- EXERCISE REQUIREMENTS -
Starting at the line with "кроссовки nike p-6000,кроссовки nike p-6000 flat" and ending at the line with "VIDEO THUMB YQA 12 WEB", print exactly the lines of the entries below. Pictures do not belong in the copy.

- DATA SHOWN -
────────────────────────────────────────

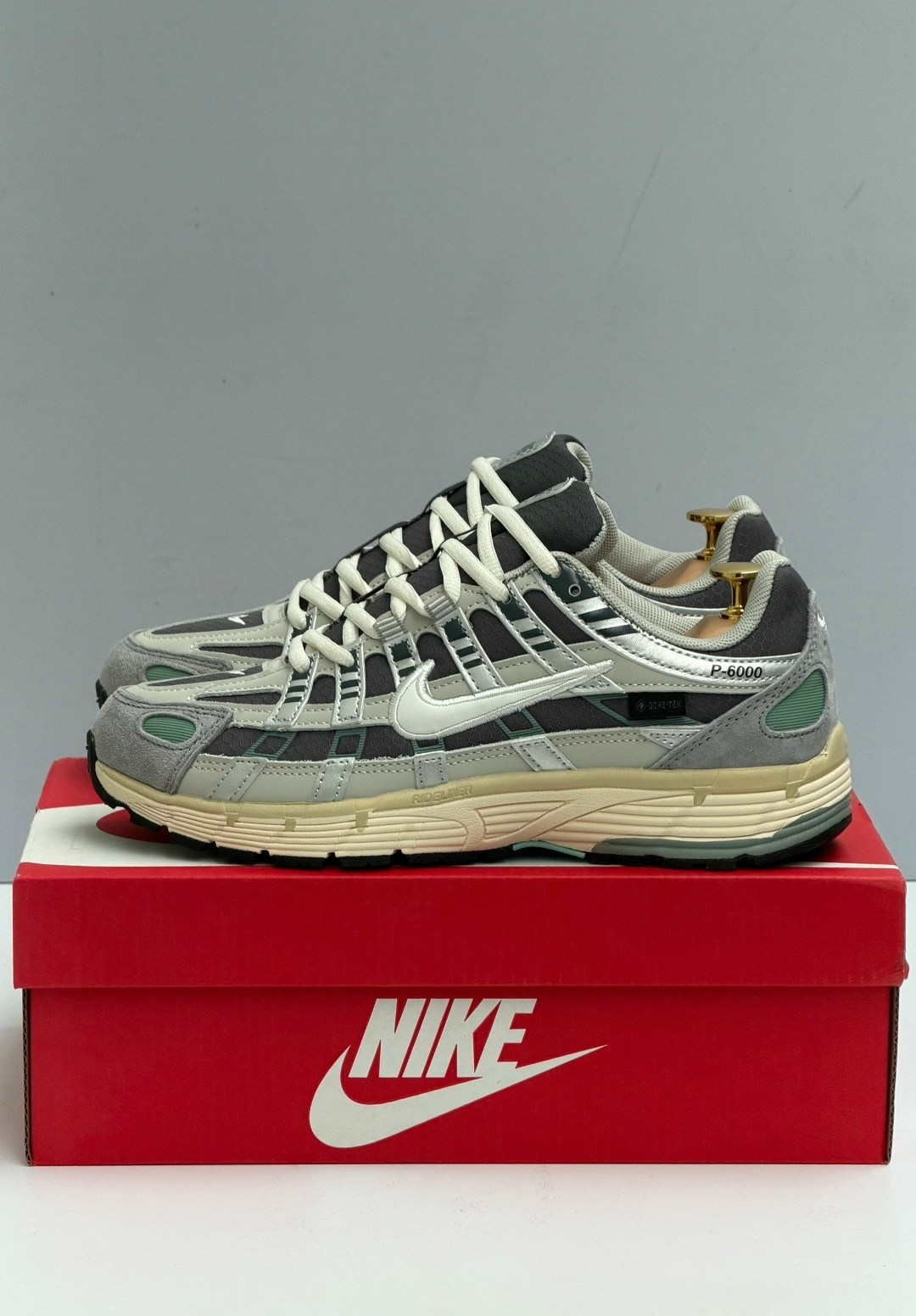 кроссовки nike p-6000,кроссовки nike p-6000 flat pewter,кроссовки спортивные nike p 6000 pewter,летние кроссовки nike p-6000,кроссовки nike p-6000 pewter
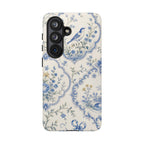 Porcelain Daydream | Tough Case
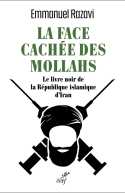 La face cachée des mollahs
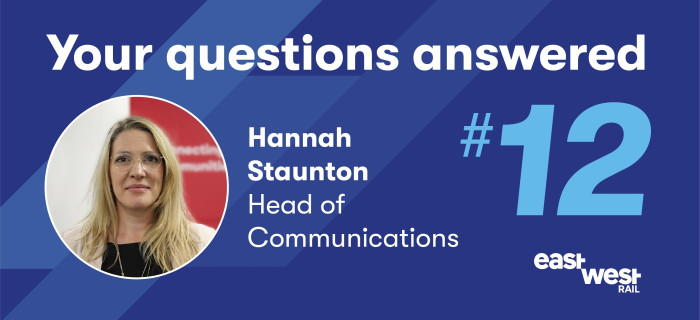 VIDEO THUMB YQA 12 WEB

────────────────────────────────────────

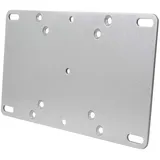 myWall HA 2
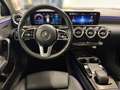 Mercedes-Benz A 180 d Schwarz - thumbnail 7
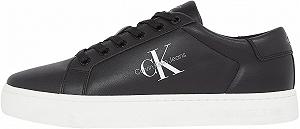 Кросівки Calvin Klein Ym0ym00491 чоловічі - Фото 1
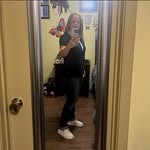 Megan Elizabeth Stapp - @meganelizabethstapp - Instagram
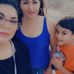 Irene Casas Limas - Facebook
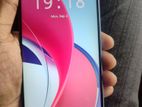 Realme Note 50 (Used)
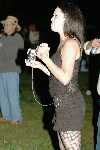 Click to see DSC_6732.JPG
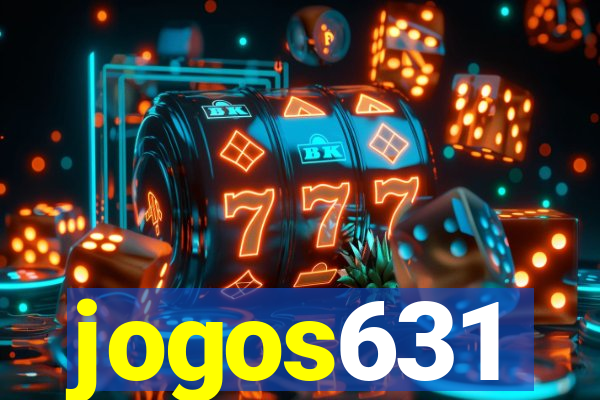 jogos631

────────────────────────────────────────

- RESPONSE TO THE TASK -
 кроссовки nike p-6000,кроссовки nike p-6000 flat pewter,кроссовки спортивные nike p 6000 pewter,летние кроссовки nike p-6000,кроссовки nike p-6000 pewter
 Porcelain Daydream | Tough Case
 La face cachée des mollahs
 VIDEO THUMB YQA 12 WEB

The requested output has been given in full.